John D. Woodward, Jr.

Professor of the Practice of International Relations

John D. Woodward, Jr. is a former Central Intelligence Agency (CIA) officer. During his twenty-one-year CIA career, John served as an operations officer in the Clandestine Service and as a technical intelligence officer in the Directorate of Science and Technology, with his assignments including operational and leadership roles in Washington D.C., East Asia, Africa, South Asia, and the Middle East.

From 2000 to 2006, John worked at the RAND Corporation, a federally funded research and development center, as a senior policy analyst (2000-2003) and the Associate Director of RAND’s Intelligence Policy Center (2005-2006), where he helped oversee, manage, and develop RAND’s work for the national security community.

From 2003 to 2005, John served as the Director of the U.S. Department of Defense Biometrics Management Office, where he received the Army’s third-highest civilian award for his work using biometric technologies to identify national security threats. Prior to that, he practiced law, worked as a law clerk for a federal district court judge, and served as a U.S. Army officer commissioned in the Corps of Engineers.

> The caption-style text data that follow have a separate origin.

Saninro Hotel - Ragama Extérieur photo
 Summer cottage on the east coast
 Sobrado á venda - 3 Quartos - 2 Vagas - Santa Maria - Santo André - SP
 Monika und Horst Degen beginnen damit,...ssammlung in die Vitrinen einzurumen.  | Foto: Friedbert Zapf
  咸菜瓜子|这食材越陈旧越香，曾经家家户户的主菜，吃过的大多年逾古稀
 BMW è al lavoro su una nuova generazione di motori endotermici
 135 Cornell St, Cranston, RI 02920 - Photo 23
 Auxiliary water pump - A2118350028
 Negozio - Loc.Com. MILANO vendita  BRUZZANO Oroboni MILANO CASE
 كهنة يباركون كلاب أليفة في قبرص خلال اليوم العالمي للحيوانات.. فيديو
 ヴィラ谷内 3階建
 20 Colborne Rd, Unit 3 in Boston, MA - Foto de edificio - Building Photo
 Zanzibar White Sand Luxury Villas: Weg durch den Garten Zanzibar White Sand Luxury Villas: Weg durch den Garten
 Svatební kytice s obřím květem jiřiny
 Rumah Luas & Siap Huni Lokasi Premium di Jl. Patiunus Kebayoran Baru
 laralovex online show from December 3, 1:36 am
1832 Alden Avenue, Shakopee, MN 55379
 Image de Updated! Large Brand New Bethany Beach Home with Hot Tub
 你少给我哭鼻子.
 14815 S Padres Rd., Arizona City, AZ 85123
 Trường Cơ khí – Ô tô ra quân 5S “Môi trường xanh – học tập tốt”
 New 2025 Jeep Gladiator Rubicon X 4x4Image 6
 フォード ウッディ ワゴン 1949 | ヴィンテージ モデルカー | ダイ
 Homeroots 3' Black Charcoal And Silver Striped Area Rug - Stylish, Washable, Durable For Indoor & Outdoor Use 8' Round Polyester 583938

From 2006 to 2015, John taught graduate courses on national security issues as an adjunct professor at the Elliott School of International Affairs at George Washington University. Through his years of government service, public policy work, and university teaching, John has gained extensive experience related to intelligence, counterterrorism, and technology policy issues. He has testified before Congress on four occasions, the Commission on Online Child Protection, and the Virginia State Crime Commission.

His publications include Biometrics: Identity Assurance in the Information Age, (McGraw-Hill, 2003), Army Biometric Applications: Identifying and Addressing Sociocultural Concerns (RAND, 2001) and his many articles have appeared in various journals and newspapers, including the Wall Street Journal, Washington Post, Boston Globe, Proceedings of the Institute of Electrical and Electronics Engineers, Legal Times, Studies in Intelligence, The Intelligencer, and the University of Pittsburgh Law Review.

Woodward is an active member of the Virginia State Bar and serves as an instructor for the Virginia Mountain Valley Lawyers’ Alliance, which provides free and low-cost legal education. He is a licensed emergency medical technician (EMT).

Professor Woodward‘s primary areas of expertise include intelligence, counterterrorism, national security, homeland security, East Asia, and biometrics. He is also a core faculty member of Boston University’s Center for Emerging and Infectious Diseases (CEID). Appointed by the Massachusetts Speaker of the House, he served as a voting member of the Special Commission on Facial Recognition from 2021 to 2022.